Il convient ici d’aller plus loin et de s’intéresser à ce que com-pâtir veut vraiment dire, i.e. s’intéresser à ce que ce souffrir-avec et aider signifie vraiment. Souffrir-avec suppose de ressentir au plus profond la souffrance de l’Autre, de tout Autre. Et si, physiquement, il est impossible de ressentir la souffrance vécue, il importe malgré tout de faire ce travail kantien de « se mettre à la place de » pour l’expérimenter au plus profond de soi-même, tout en sachant, il est vrai, que certaines souffrances ne sont pas partageables.

Que pouvons-nous dire effectivement de cette compassion au mieux sélective, au pire inefficace ? Que pouvons-nous dire effectivement de cette compassion qui ne s’adresse qu’aux mêmes que nous et qui écarte tout souci pour des Autruis éloignés, alors même qu’ils sont au coeur de nos vies quotidiennes ? N’avons-nous vraiment pas la possibilité d’agir, autrement qu’en donnant ici ou là quelques pièces ?

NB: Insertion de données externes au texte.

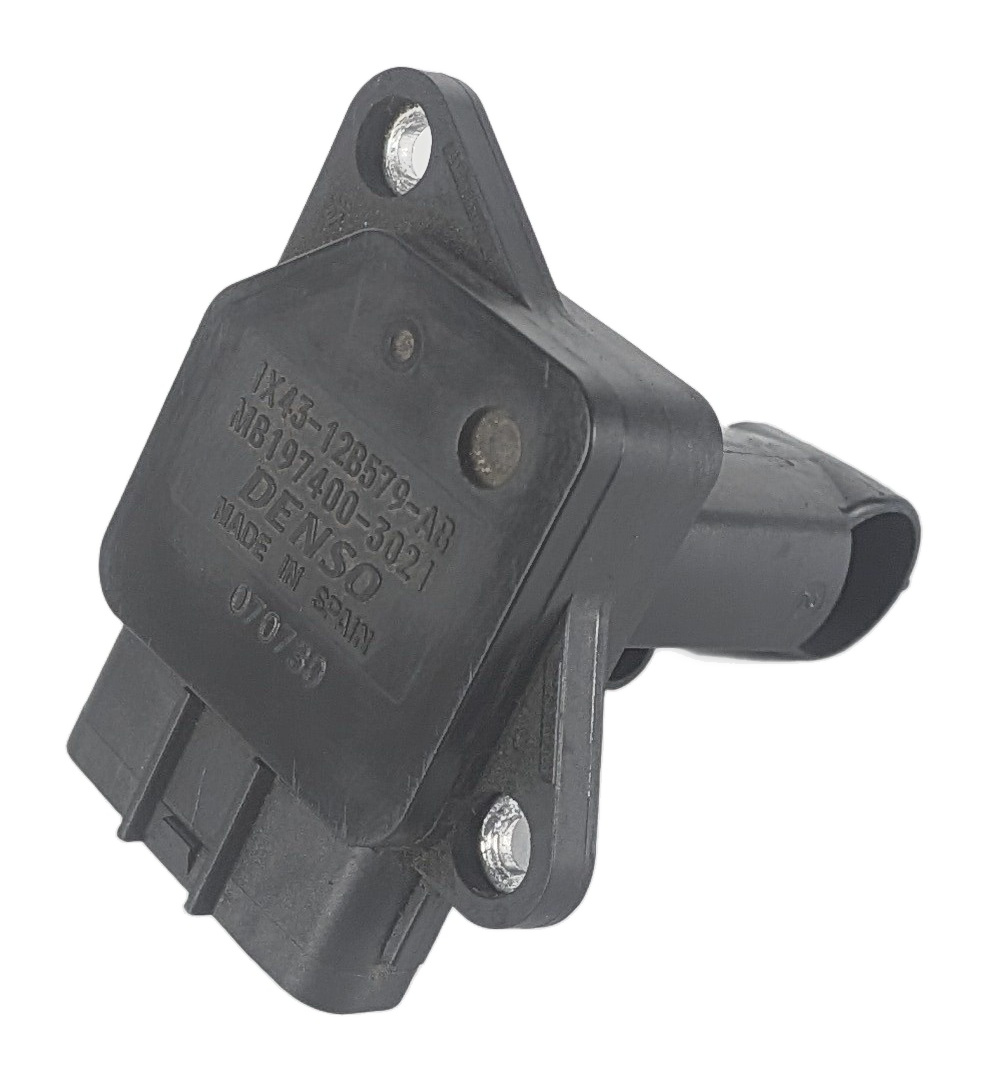 05-12 LAND RANGE ROVER LR2 LR3 SPORT MASS AIR FLOW MAF SENSOR METER — exact item pictured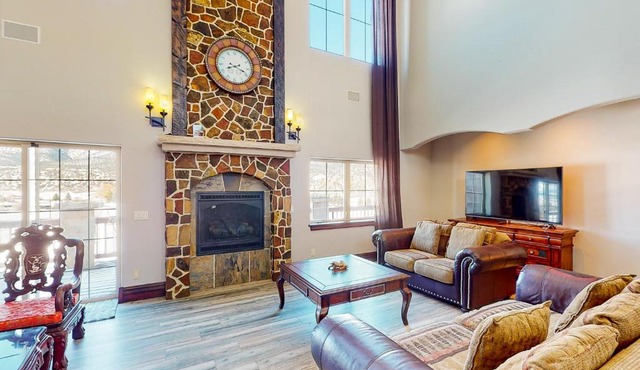 Black Bear Lodge
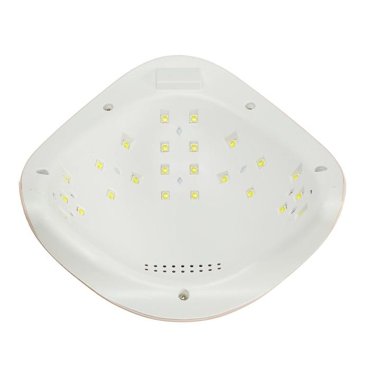 Лампа для гель-лака JessNail SUN 5 UVLED 48 Вт таймер 103060 сек розовая 1990₽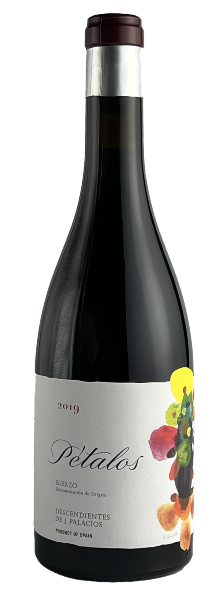 2021 Petalos, Descendientes de Jose Palacios, Bierzo, Spain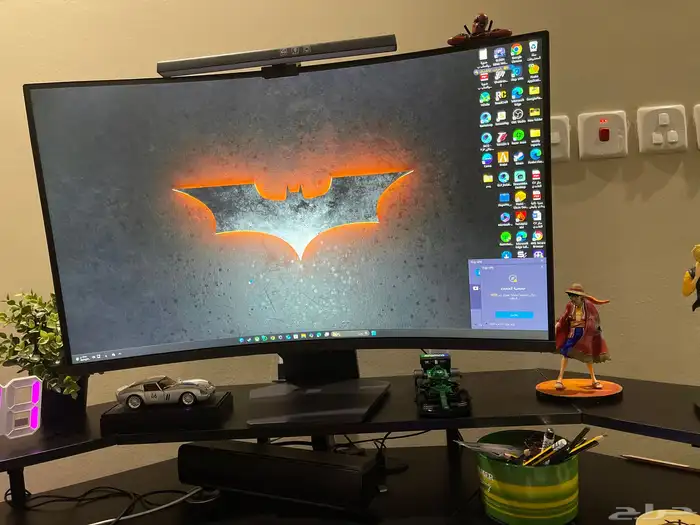 شاشة قيمنق الترا قير 32 بوصه 1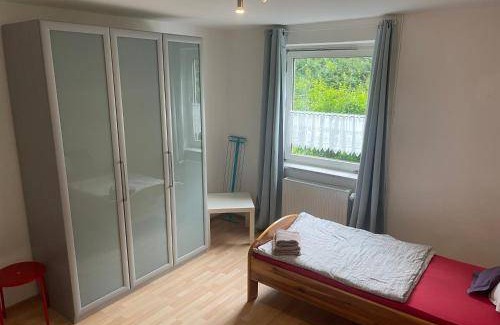 Nord Ost Appartement | 68 m² Appartement ∙ 2 chambres ∙ 3 personnes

N’est-ce pas en quelque sorte simplement le résultat d’une domination sans partage du monde financier qui se transforme en barbarie ? Comme le disait Juvénal, avec sa célèbre formule Panem et circenses, comme le rappelait Richard Rorty, donner du pain et occuper la population avec des jeux et des guerres permet aux super-riches de gouverner à leurs avantages[24]. N’avons-nous pas tout simplement oublié, en raison très probablement de cette illusion de bonheur, que procurent la réussite individuelle (ou sa recherche) et la sur-consommation, essences mêmes de la supériorité de la finance, cet esprit critique, cette capacité de questionner, de mettre en doute…, cette vigilance vis-à-vis des (et de nos) constructions mentales, philosophiques, épistémologiques qui nous permettraient de ne pas nous retrancher derrière notre confort douillet, derrière nos exigences de « survie mentale »…, mais toujours, comme l’invitait Pénélope, attendant Ulysse, remettre sur le chantier, nos idées, nos idéaux, nos pratiques. Ne conviendrait-il pas d’implorer à un retour de l’« héroïsme de la raison » dont parlaient aussi bien Edmond Husserl que Marc Bloch, non pas au sens d’une raison scientifico-technique déconnectée de la vie humaine, mais d’un rationalisme critique, qui se verrait concrétisé par une interrogation profonde, constante et poussée sur le sens de nos actions et de leurs conséquences, non pas pour nous dans l’ici et maintenant, mais pour nous et pour les Autres, dans l’ici et maintenant, et dans l’ailleurs et demain. Ce n’est sans doute qu’à cette condition que nous pourrons dépasser le registre de la lassitude qu’Edmond Husserl, de manière éclairée en 1935, considérait déjà comme « le plus grand danger pour l’Europe[25] », voire pour les idéaux européens, des idéaux aujourd’hui encore largement dévoyés, sans cesse critiqués. Ce n’est aussi sans doute qu’à cette condition que nous pourrons aussi dépasser la passivité, la résignation, voire l’insondable bêtise, qui conduit à accepter tout développement technologique, bon par nature, sans s’interroger sur ce que cette technique (ou ces techniques) apporte (apportent) à une vie qui serait authentiquement humaine[26].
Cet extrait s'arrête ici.